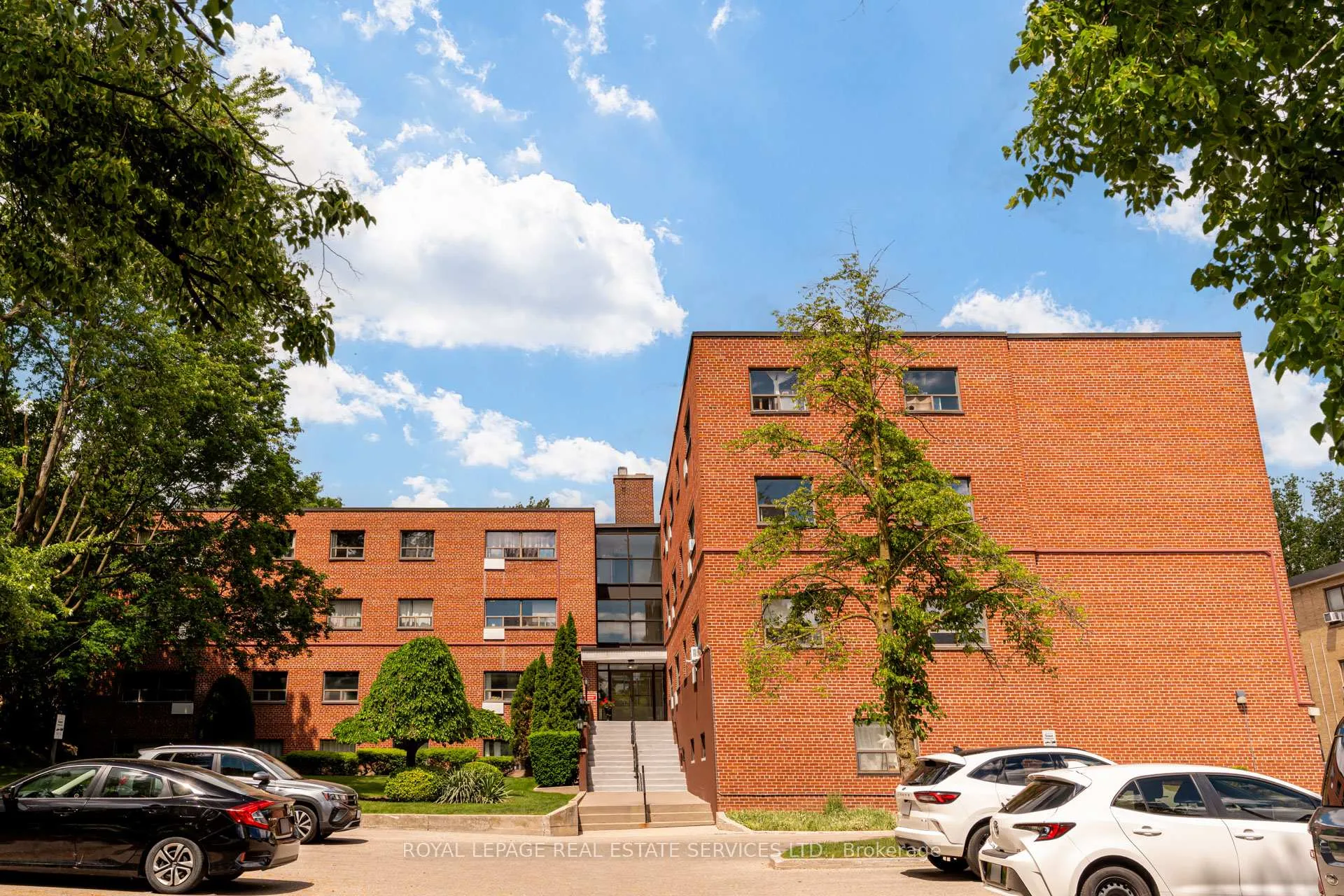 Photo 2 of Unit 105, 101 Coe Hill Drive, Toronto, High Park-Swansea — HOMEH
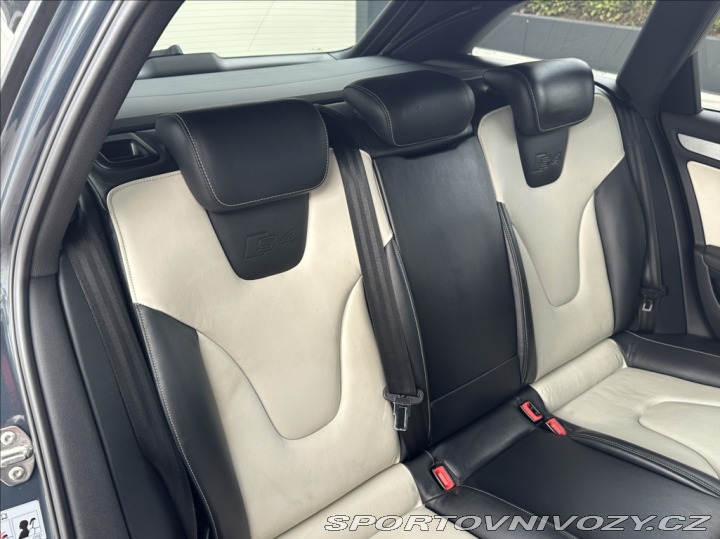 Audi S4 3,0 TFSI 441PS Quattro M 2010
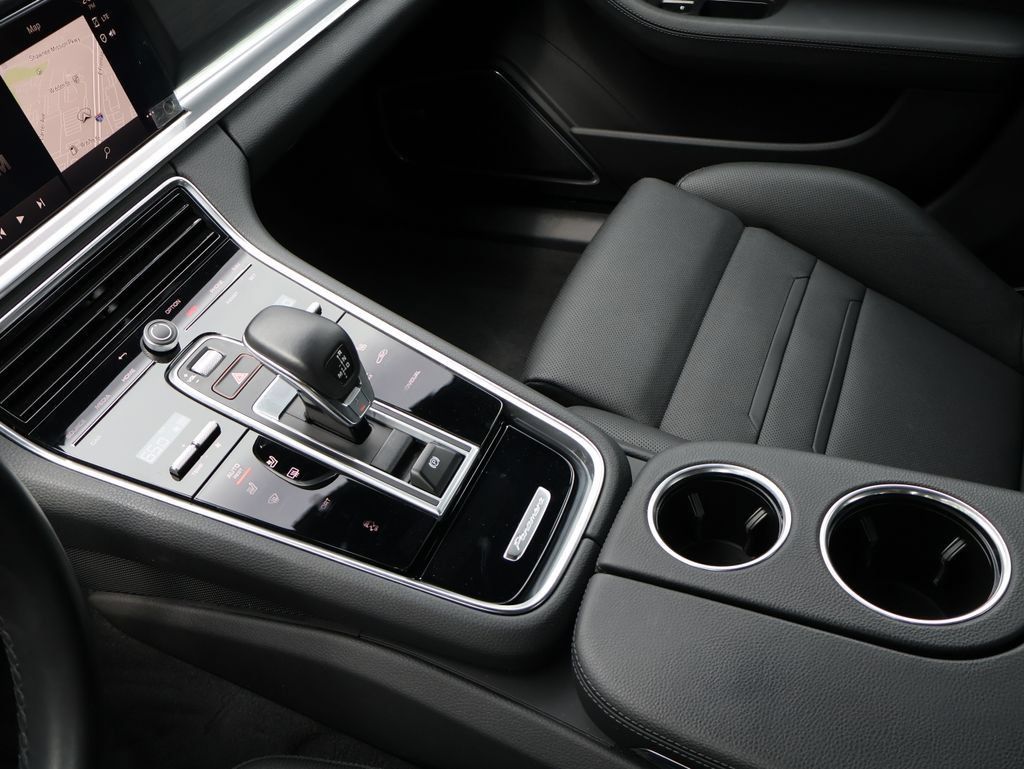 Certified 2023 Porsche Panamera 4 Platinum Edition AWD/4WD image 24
◆ ◆ ◆
--- PROBLEM ---
Return every line shown above without changing a word, and skip the pictures.

--- TASK OUTPUT ---
 Photo 2 of Unit 105, 101 Coe Hill Drive, Toronto, High Park-Swansea — HOMEH
 Audi S4 3,0 TFSI 441PS Quattro M 2010
 Certified 2023 Porsche Panamera 4 Platinum Edition AWD/4WD image 24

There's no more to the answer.